An eine Episode mit seinem Chef erinnert er sich noch gut. Nachdem er vergessen hatte, den 2500-Liter-Tank intensiv zu lüften, implodierte er. «Der Tank hing an der Wand wie eine Kunstskulptur.» Davon war der Chef nicht begeistert. Da kam Karl Weger aber eine Aussage seines Chefs in Eppan in den Sinn, die das Ganze auflockerte: «Ein Guter holt es wieder herein, ein Schlechter hat nicht viel versäumt.» Diesen Spruch machte der Chef, als der junge Karl einmal zu spät zur Arbeit erschien, und er begleitete ihn sein Leben lang. Dieser Satz sage viel über die Qualität der Arbeit aus und dass man auch ab und zu einmal ein Auge zudrücken muss, wenn jemand sonst die Leistung bringe.
Integration ohne Heimweh
Heimweh hatte Karl Weger nach seinem Umzug nicht. Er fand gleich Anschluss. «Ausserdem hielten mich die Chauffeure aus Südtirol immer auf dem Laufenden, was sich unten so tut. Das war mir immer sehr wichtig.» Den Kontakt zur Heimat hat er aber bis heute nicht verloren. Nach wie vor reist er vier- bis fünfmal zu seiner 85-jährigen Mutter, mit der er alle zwei Wochen telefoniert.
Ein weiterer Schritt zur erfolgreichen Integration war der Kundenkontakt. «Die meisten vertrauten mir sogar den Schlüssel für ihren Weinkeller an, damit ich kommen konnte, wann es in den Plan passte. Für diesen Vertrauensvorschuss bin ich bis heute dankbar.» Seine erste Tour in Liechtenstein vergisst er aber nicht mehr. Sie führte ins Restaurant Kulm in Triesenberg. «Ich verstand kein Wort vom Berger Dialekt und dachte mir schon:?‹Wo bin ich da gelandet?›», schmunzelt Karl Weger.

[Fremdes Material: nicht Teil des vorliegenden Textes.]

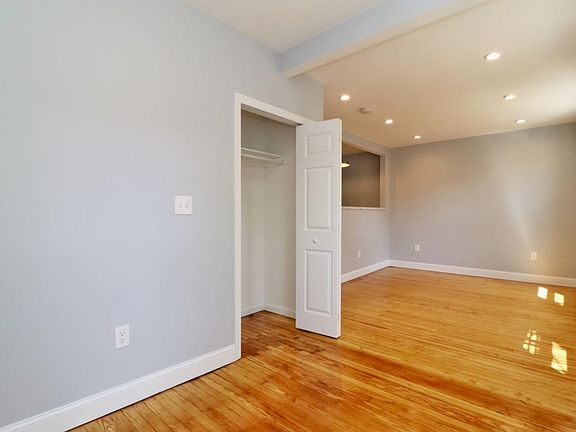 4th image of 326 5th St APT 2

Eine gute Seele im Betrieb
1973 kam Hansjörg Ritter als diplomierter Kellermeister zu Ritter Weine. Hansjörg und Karl verstanden sich sehr gut, was nicht zuletzt damit zu tun hatte, dass sie fast gleich alt sind. Ab 1973 stellten sie gemeinsam den Betrieb so auf die Beine, wie er sich heute präsentiert: In Triesen, Vaduz und Schaan wurden Weinberge angelegt und es wurde fortan selbst Wein gekeltert. «Ein Drittel der Arbeit fand im Wingert statt. Das war eine willkommene Abwechslung und diese Arbeit macht mir bis heute sehr viel Freude.» Deshalb wird er auch – nach der Einstellung der Kelterung bei Ritter Weine und seiner Pensionierung in diesem Jahr – einen Weinberg in Triesen behalten. Daneben wird er seine Hobbys vermehrt pflegen: Fischen, Pilze sammeln und Ausfahrten mit seinem 35-jährigen Alfa Giulia gehören zu seinen Privatvergnügen. Geheiratet hat Karl Weger nicht. Er habe in den entscheidenden Jahren nicht daran gedacht, und danach sei es zu spät gewesen. «Ein Tiroler Sprichwort sagt aber: ‹Ledig gschtorb’n isch a ned verreckt›», lacht der sympathische Südtiroler.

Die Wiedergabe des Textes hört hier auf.